-------- PROVIDED ENTRIES --------
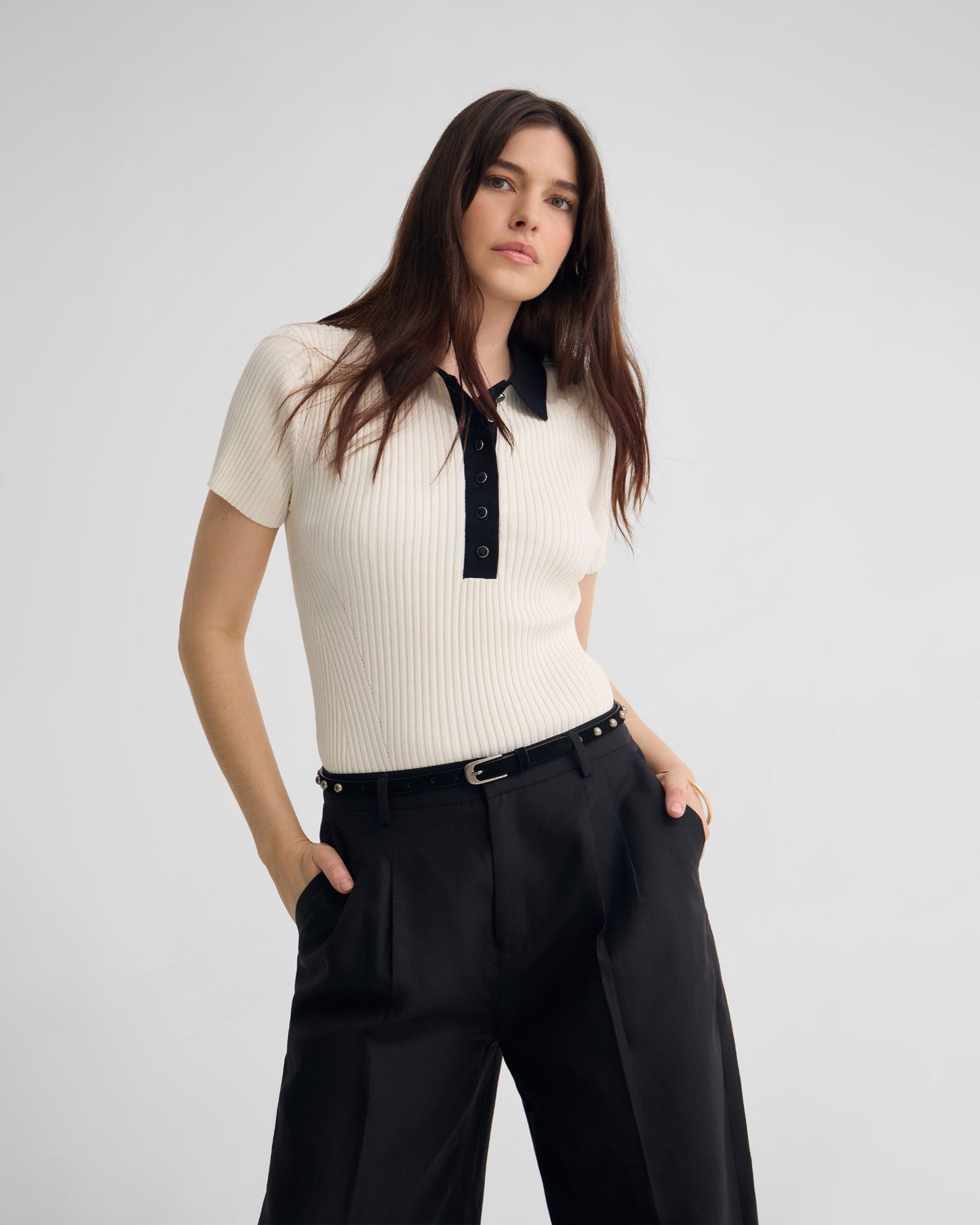 Monique Rib Polo Knit
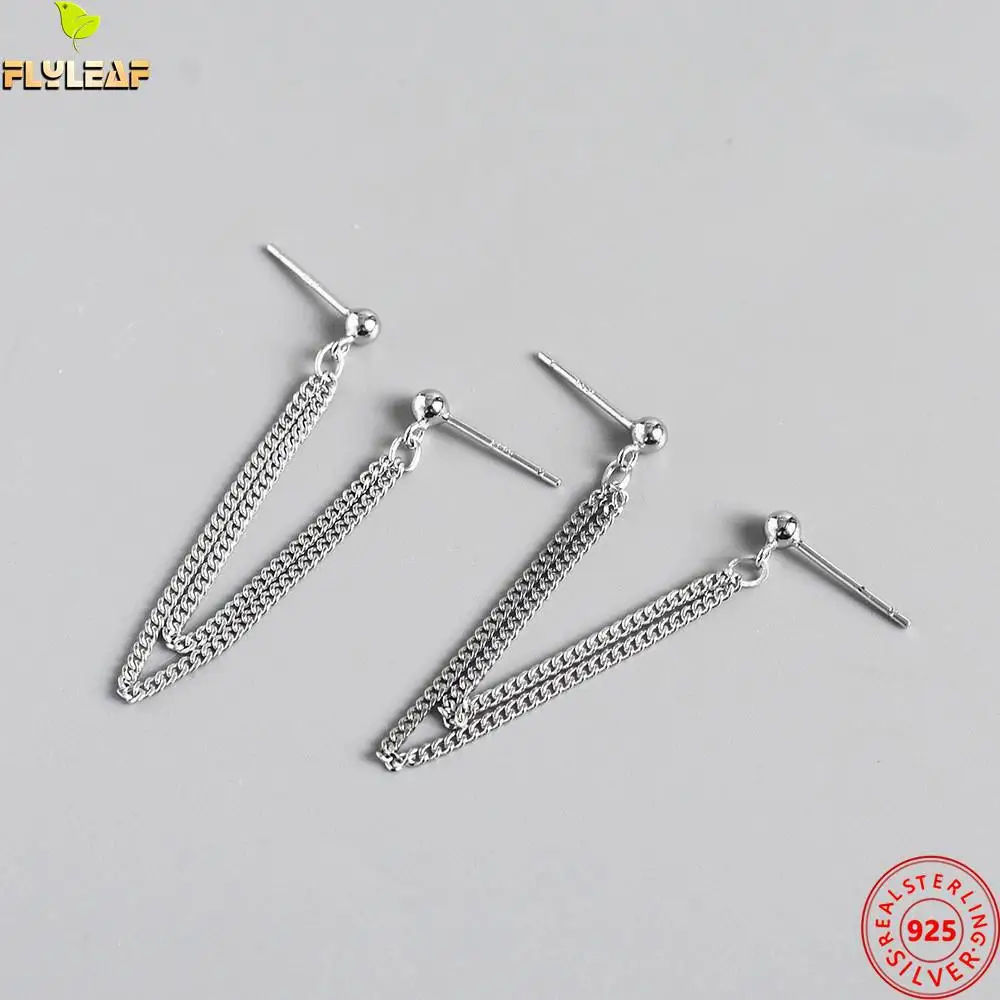 

Double Layer Chain Bead Stud Earrings For Women Real 925 Sterling Silver Personality Fashion Jewelry 2022 New Arrival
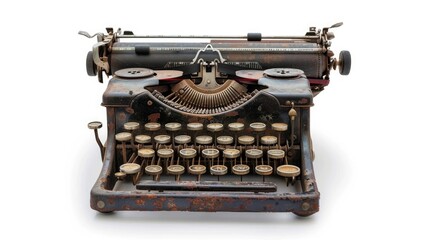 old typewriter isolated on white background realistic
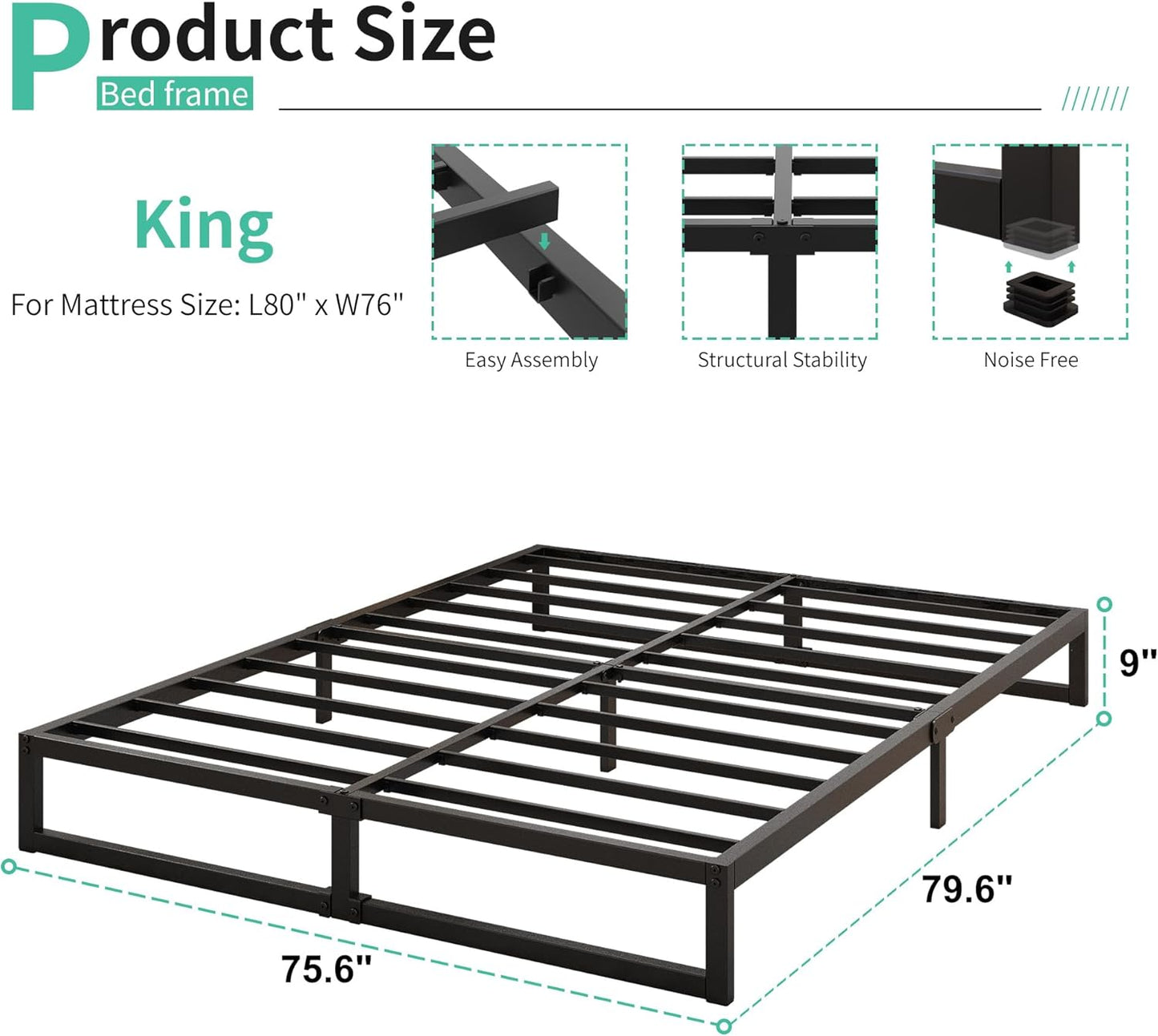 9 Inch King Bed Frame Sturdy Mattress Foundation, Heavy Duty Metal Platform with Steel Slats Support No Box Spring Needed, Noise Free, Easy Assembly, Black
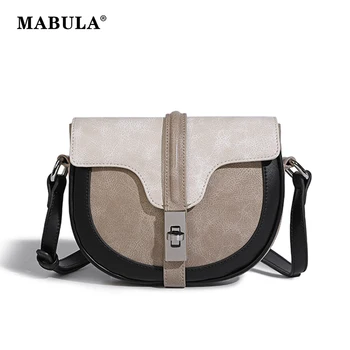 MABULA Реколта Лоскутная Женствена чанта през рамо, Просто Малко Седло, в чантата си за телефон, Модни Дамски чанти-Месинджър от изкуствена кожа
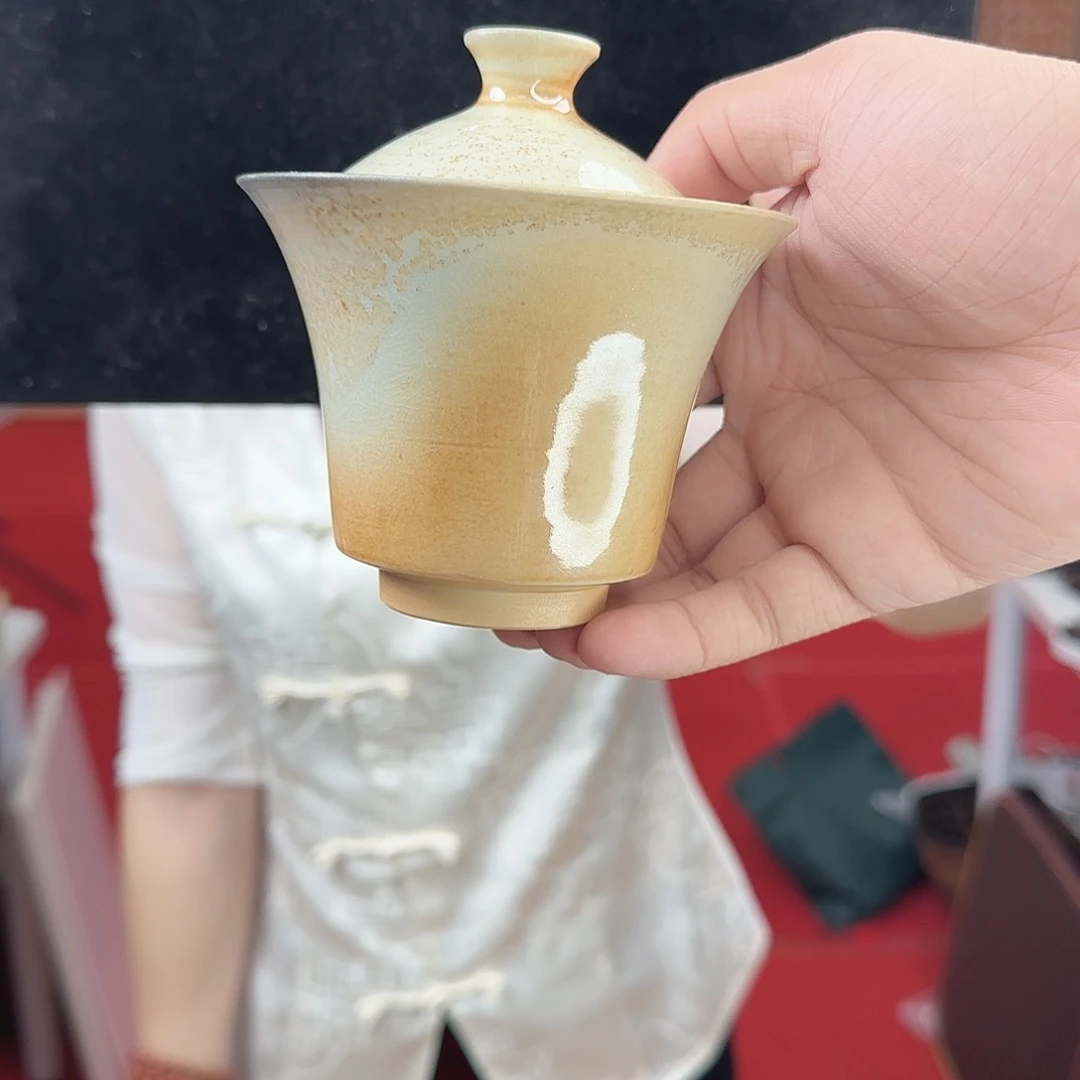 泗水砭石微瑕柴烧盖碗精品开片孤品成本价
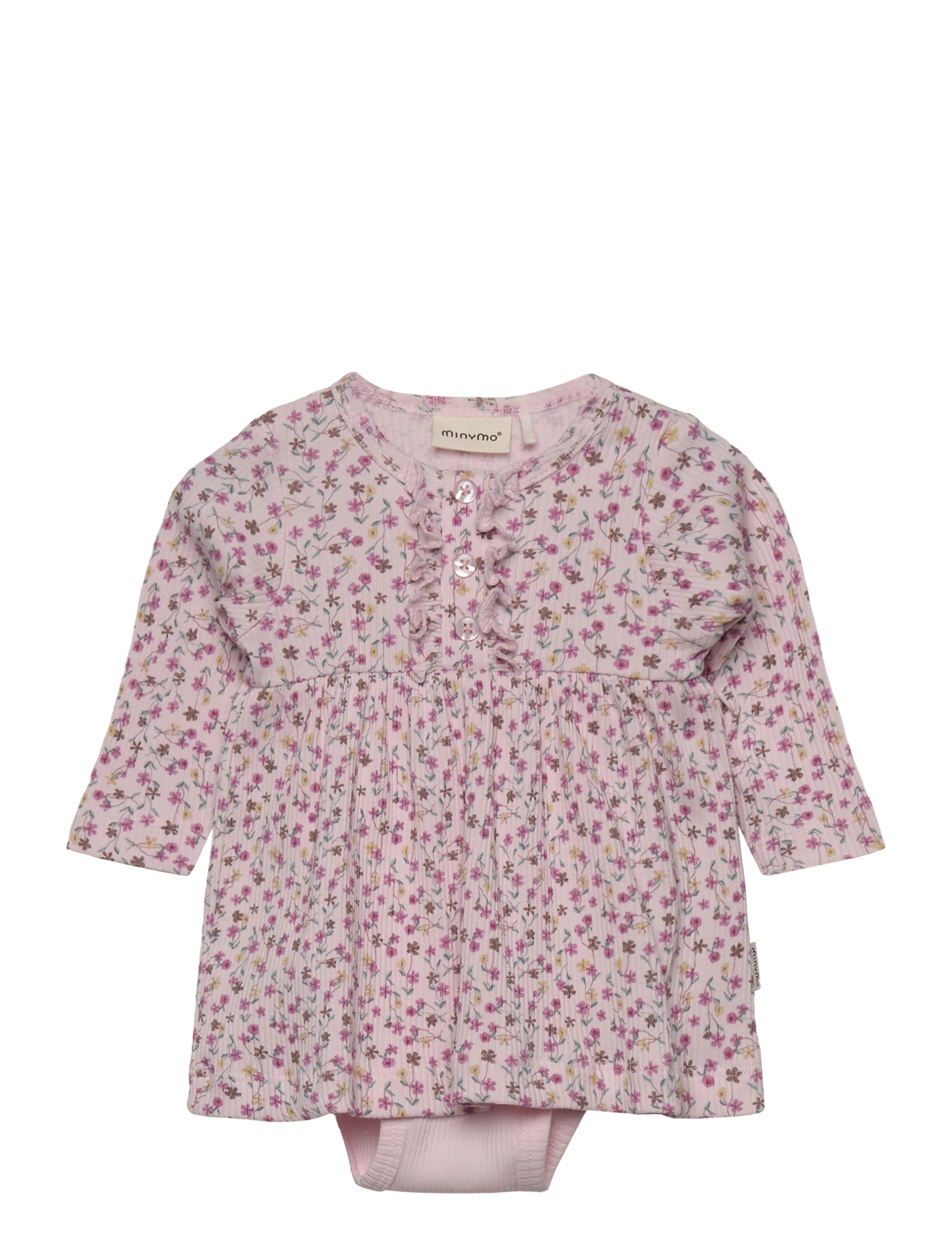 Minymo Dress Ls Aop Rib, 74, Baby Dresses, Rosa - Long-sleeved Kinder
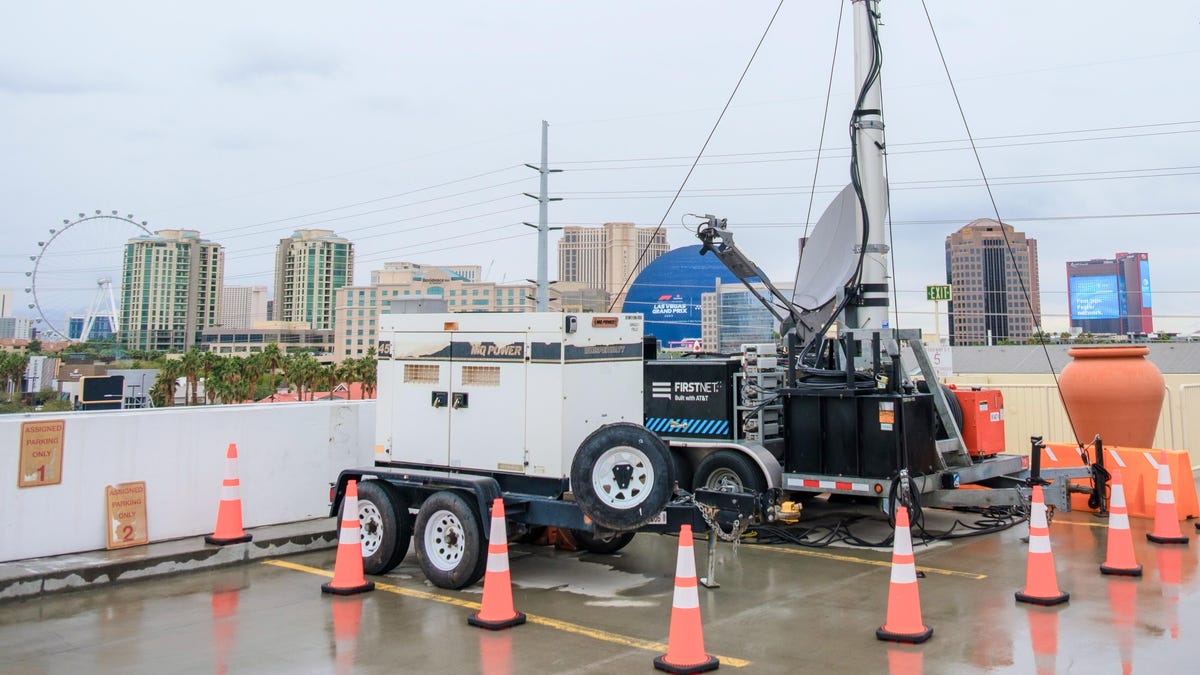 An AT&T portable cellular unit parked on top of a parking garage in Las Vegas, Nevada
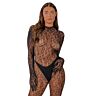 Bodystocking Lace Gloved Leopard Print Catsuit s rukavicami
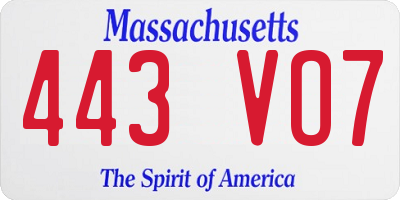 MA license plate 443VO7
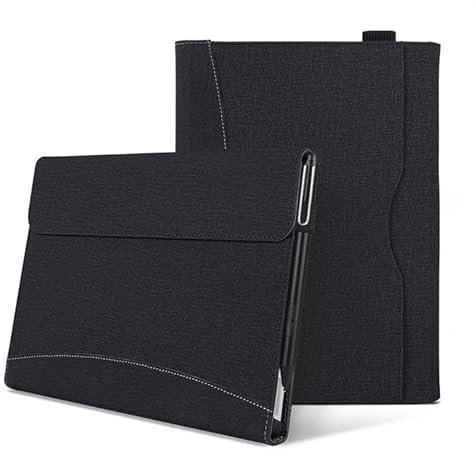 PboyiqiS Tablet Case For Microsoft Surface Pro 9 (2022 Release)/Pro 8 (2021 Release) 13 Inch - Multiple Angle Viewing Cover with Pocket & Stylus Holder (Black)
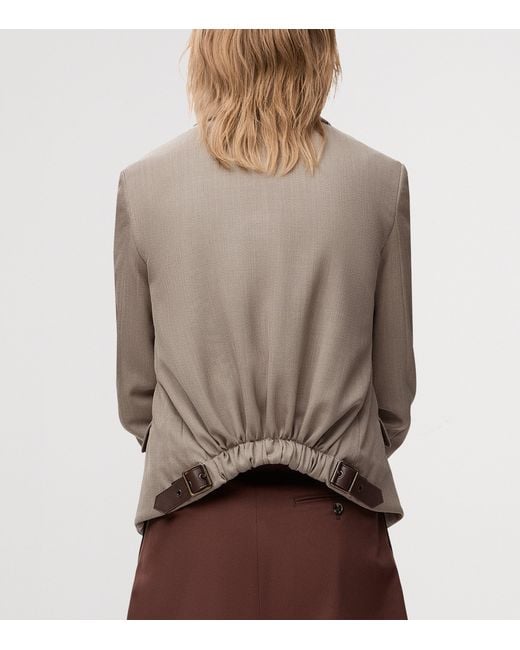 Loewe Brown Wool Buckle-Back Blazer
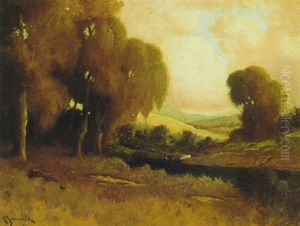 River Landscape With Cattle by Carl Henrik Jonnevold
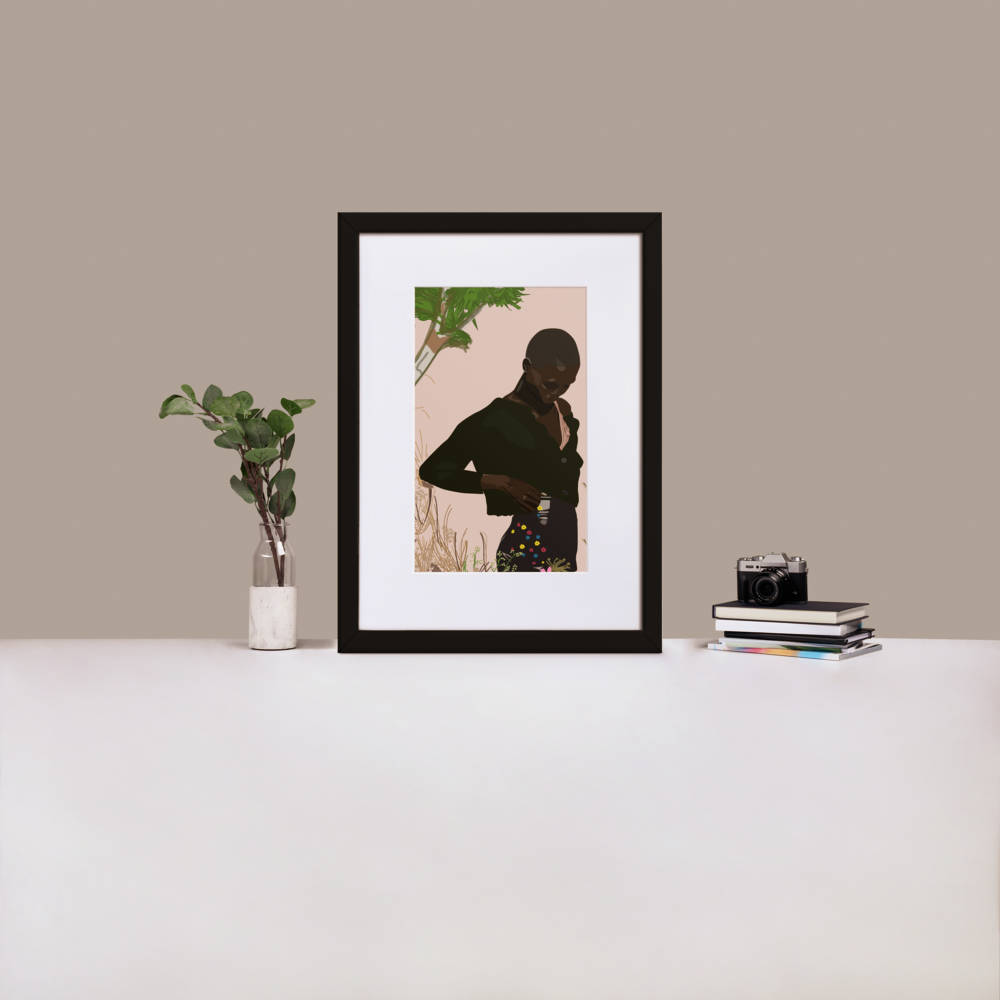 A digital fashion illustration of model Amar Akway posing in garden wearing a Miu Miu sweater and skirt, inside of a black frame standing on a white table next to a plant and a stack of books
--------
■ **EXERCISE OBJECTIVE**:
Transcribe the lines above exactly, beginning at the one with "Double Layer Chain" and ending at the one with "9 Inch King". Include both; exclude the pictures.

■ **RESPONSE AREA**:
Double Layer Chain Bead Stud Earrings For Women Real 925 Sterling Silver Personality Fashion Jewelry 2022 New Arrival
 old typewriter isolated on white background realistic
 9 Inch King Bed Frame Sturdy Mattress Foundation, Heavy Duty Metal Platform with Steel Slats Support No Box Spring Needed, Noise Free, Easy Assembly, Black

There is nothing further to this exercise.